Exercise description: When the line with "One of the $199" turns up below, begin repeating exactly, and carry on through the line with "Used 2023 Land"; no pictures go into the copy.

Dataset entries:
+-------+

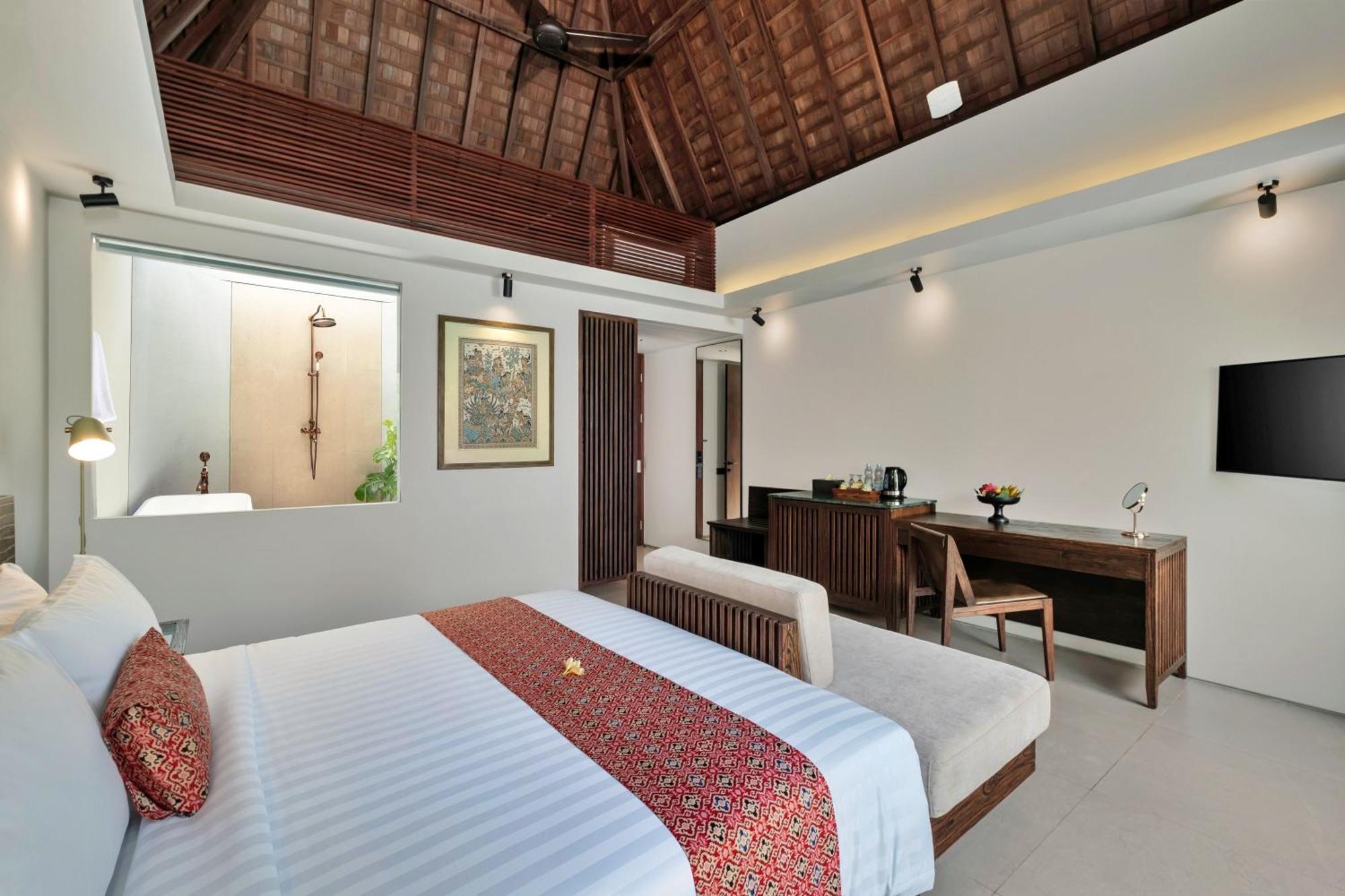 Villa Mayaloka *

+-------+

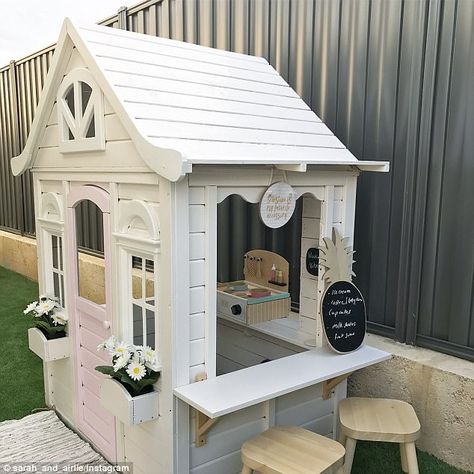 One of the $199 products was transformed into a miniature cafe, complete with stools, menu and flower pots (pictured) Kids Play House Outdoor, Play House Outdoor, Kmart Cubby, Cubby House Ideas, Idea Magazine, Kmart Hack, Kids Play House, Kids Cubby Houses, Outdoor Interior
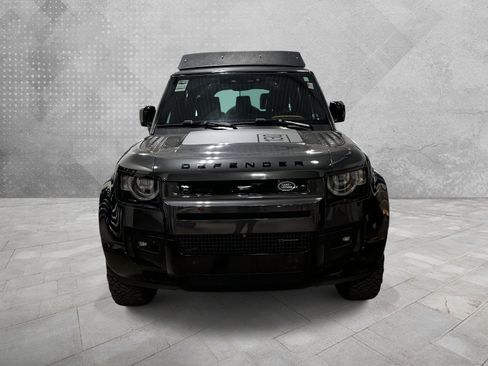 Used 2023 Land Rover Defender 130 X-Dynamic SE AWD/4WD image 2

+-------+

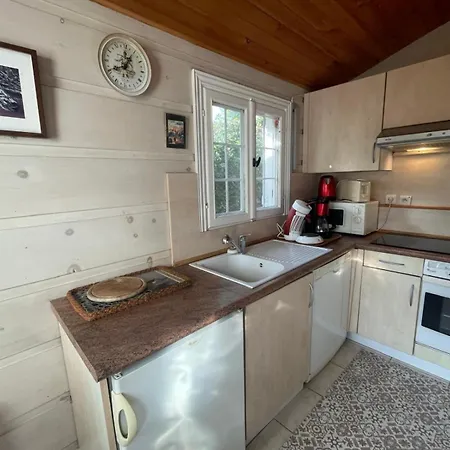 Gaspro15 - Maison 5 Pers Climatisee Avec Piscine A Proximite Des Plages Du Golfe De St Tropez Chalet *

+-------+

Response to the task:
 One of the $199 products was transformed into a miniature cafe, complete with stools, menu and flower pots (pictured) Kids Play House Outdoor, Play House Outdoor, Kmart Cubby, Cubby House Ideas, Idea Magazine, Kmart Hack, Kids Play House, Kids Cubby Houses, Outdoor Interior
 Used 2023 Land Rover Defender 130 X-Dynamic SE AWD/4WD image 2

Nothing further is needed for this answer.